C’était une femme du monde qu’il avait séduite.
Ou bien était-ce la femme qui l’avait séduit ?
Ceci revient au même dans l’affaire.
« La chose s’est bien sûr passée une nuit.
Elle eut lieu fin novembre.
Comme ma cheminée fumait,
Il n’y avait pas de feu dans ma chambre
Elle m’avoua :-Ça ne fait rien, j’en ai !
J’avais prévenu le propriétaire.
(Il devait venir faire le nécessaire
Avec le fumiste.) Elle murmura :
-Ce jour me fait honte. Ne me regarde pas !
Je fermais donc lumière et contrevents.
Le cœur palpitant,
À tâtons, je la cherchais ;
Je la trouvais.
Ce fut une heure de folie.
Puis nous nous sommes endormis.
Au matin, j’entendis qu’on m’appelait.
Les volets ayant été ouverts,
Mon amie se débattait, hurlait.
Pour se cacher, elle saisit un bout de drap.

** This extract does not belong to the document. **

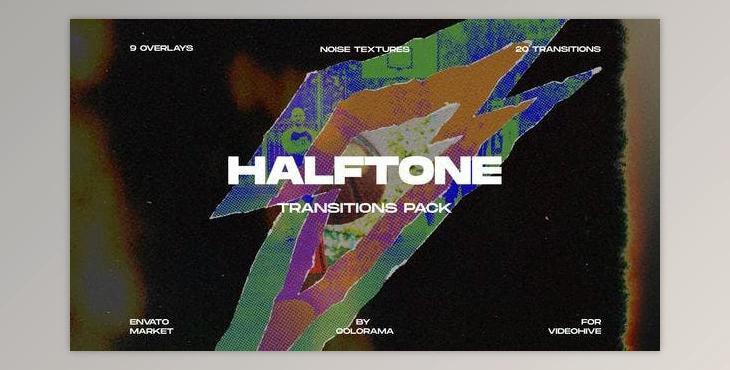 Halftone Transitions Pack (Videohive 47900891) - AE Project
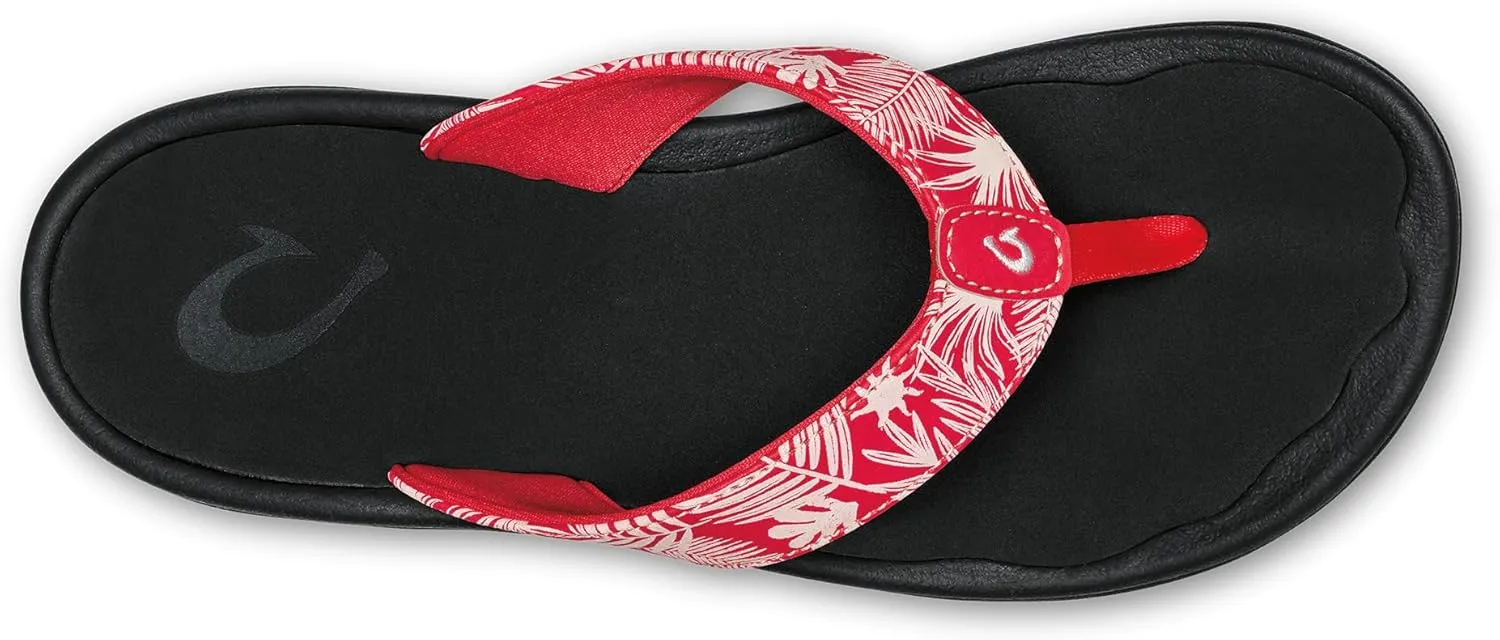OLUKAI Ohana Women's Beach Sandals, Water Resistant Flip Flops, Arch Support & Comfort Fit, Lightweight & Durable, Enhanced Grip & Traction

Debout, au milieu de la chambre, là
Le fumiste et le propriétaire
Nous contemplaient.
-Que faites-vous chez moi, s’il vous plait ?
Fichez-le camp, Nom de Dieu !
Les deux hommes s’en allèrent à reculons :
-Pardon, monsieur,
Nous nous excusons.
Si nous avions cru vous déranger,
Nous ne serions pas venus.
Nous sommes confus.
Le concierge m’a dit
Que vous étiez sorti.
Ah ! On ne m’y reprendra pas de si tôt.
Depuis ce jour, je ne tire plus les rideaux
Mais je pousse toujours le verrou,
Voyez-vous ! »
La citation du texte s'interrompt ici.